* AVAILABLE DATA *
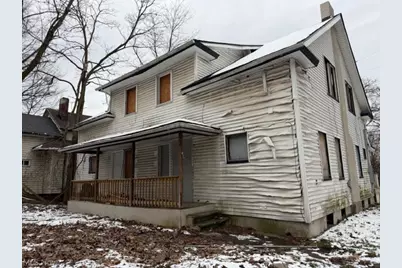 3619 E 76th Street, Loveland, OH 44105 - Photo 8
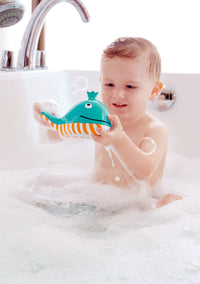 hape-bubble-blowing-whale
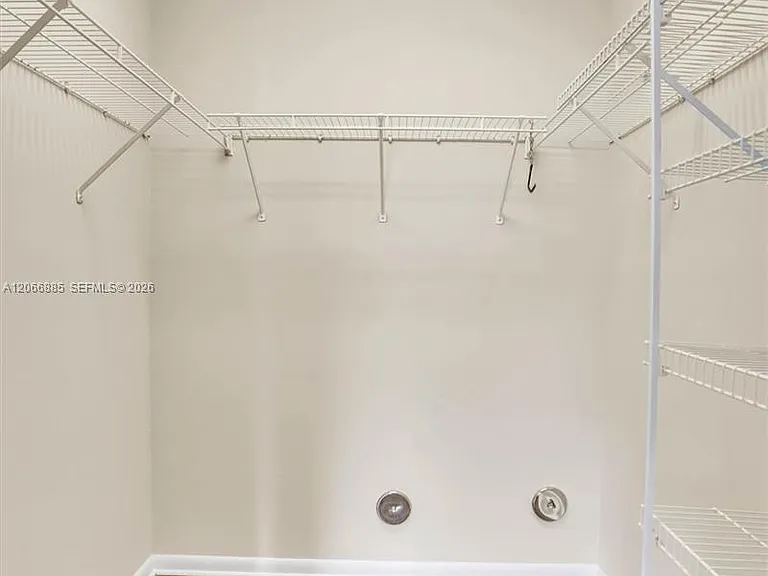 9537 Weldon Cir #I109 — Photo 27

* THE TASK *
Please repeat each line above exactly as it appears, but omit the pictures.

* OUTPUT BELOW *
 3619 E 76th Street, Loveland, OH 44105 - Photo 8
 hape-bubble-blowing-whale
 9537 Weldon Cir #I109 — Photo 27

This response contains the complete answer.